這一日,注定是不普通平凡的一日。
皇帝突然駕臨護國大長公主府別莊,名為賞荷,實則是要用顧眉來拿捏她背後的那個人。
東宮太子自從五年前去青龍寺明微大師身邊修行後,就一直為人稱讚。
這麽多年,行事妥帖,猶如芝蘭玉樹。
眾人猜測,這才是被封為東宮太子的原因。
否則,為何皇帝膝下明明有好幾位皇子,卻封一個侄兒做太子。
皇帝帶著審視的目光再一次落到顧眉身上:“顧氏。與你廝混的,可是太子。”
薄涼的話語,如同冰冷的利箭,刺向顧眉耳膜。
今日這一遭,可謂是飛來的橫禍,該如何閃避?
顧眉心裏分析著用哪種方式來回答對自己更有利。
正想著就聽一側的許廷道:“陛下。臣在軍中多年,士兵犯了錯,需要刨根問底,不信口開河,定人錯處。”
“陛下是從何處知曉與臣表妹廝混的是太子殿下?”
“又如何知道他們在表妹未和離時就廝混在一起?”
許廷的兩個發問,讓眾人目瞪口呆。
皇帝定了片刻,僵硬地轉著脖頸,抬起手指著許廷,不敢置信似的,嗬嗬幹笑兩聲。
“他的話,你們都聽見了?”
豫章王世子看了看許廷,又看看顧眉,“陛下。臣以為,這些問題,問得很有道理。”
皇帝自鼻孔裏發出一道冷冷的哼聲:“你不過是故意博他好感而已。你想什麽,當朕不知嗎?”
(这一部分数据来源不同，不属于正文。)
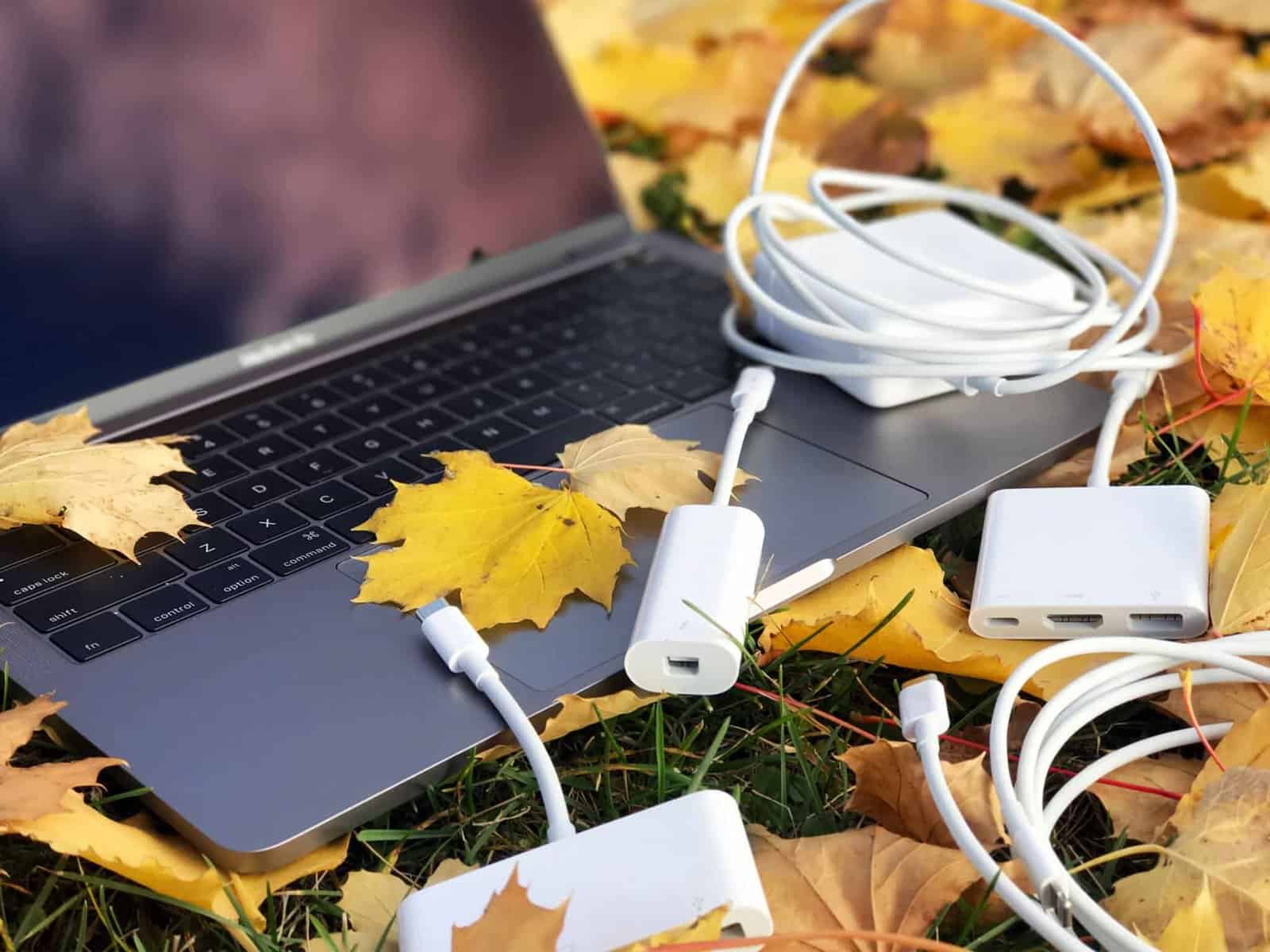 Best MacBook Pro accessories 2022 Dans Tutorials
“好。許廷,你的問題朕可以回答你。這是太子之母,靜妃求到朕麵前的。”
靜妃驚恐地睜大雙眼,久久未能從皇帝剛剛的問話中回過神來。
她竟是不知兒子和顧眉有私情。
心頭不禁埋怨起賀蘭宴,什麽姑娘不好喜歡,非得和這樣一個和離婦攪和在一起。
她正想著要如何解決這件事,說服兒子與顧眉斷了,倏然就聽到一旁皇帝毫不留情地將問題拋給她。